Instructions for the task:
An exact restatement of the entire listing is needed, excluding all images.

Supplied data:
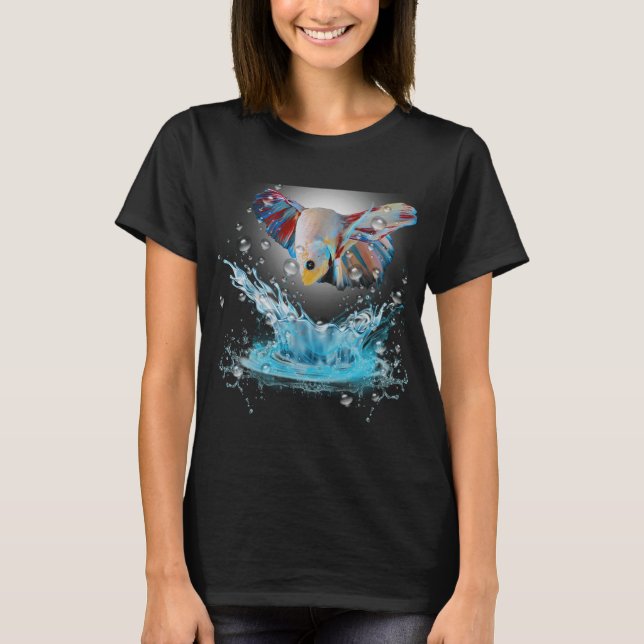 Camiseta Pez dorado (Anverso)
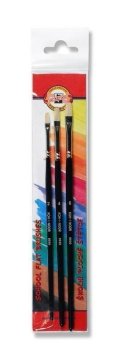Koh-i-Noor Šolski čopiči ravne velikosti 2,4,6 (komplet 3 kosov)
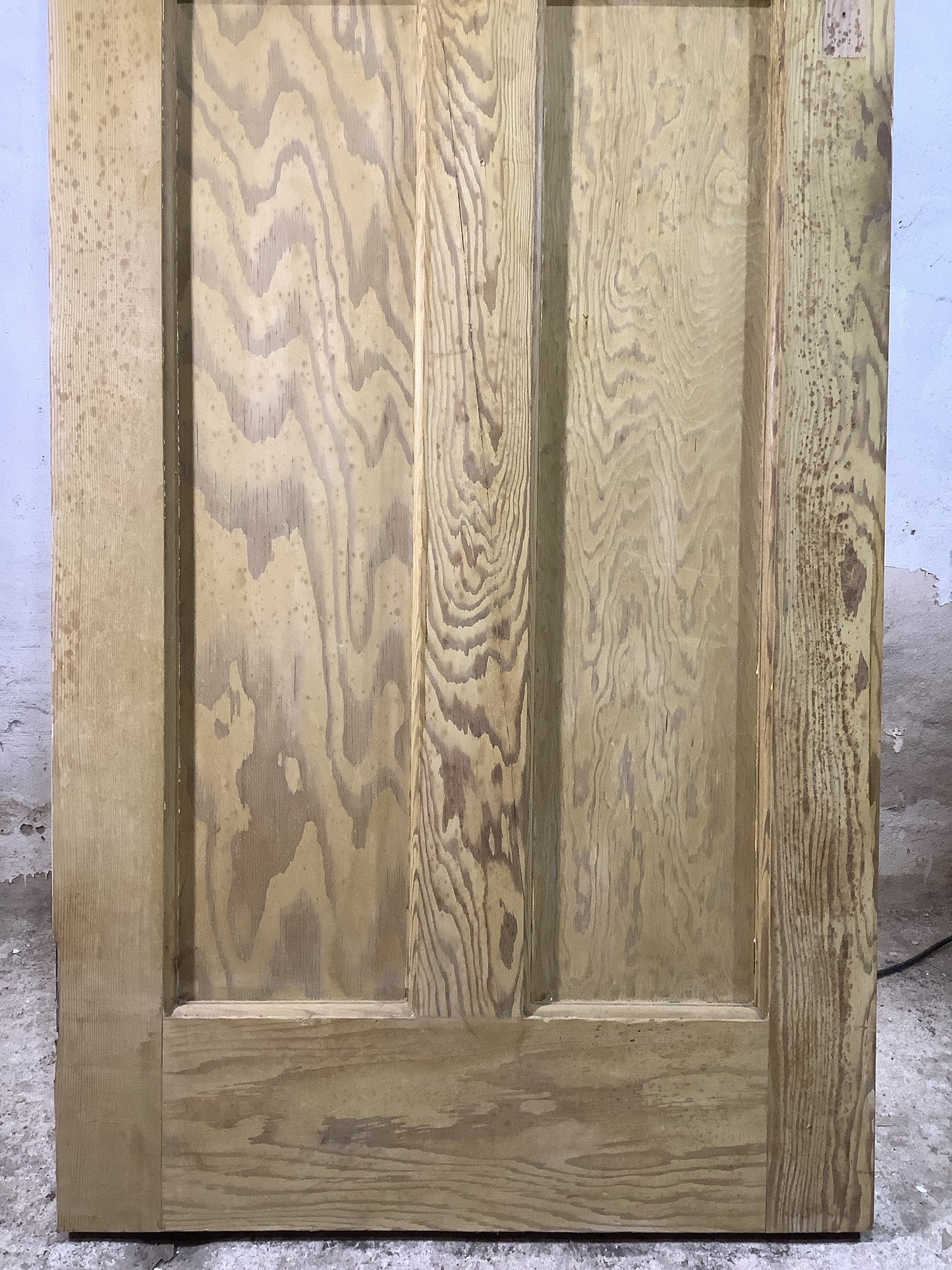 3rd Pic 1930s Internal Stripped  Pitch Pine Reclaimed Door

Output of the exercise:
 Camiseta Pez dorado (Anverso)
Koh-i-Noor Šolski čopiči ravne velikosti 2,4,6 (komplet 3 kosov)
 3rd Pic 1930s Internal Stripped  Pitch Pine Reclaimed Door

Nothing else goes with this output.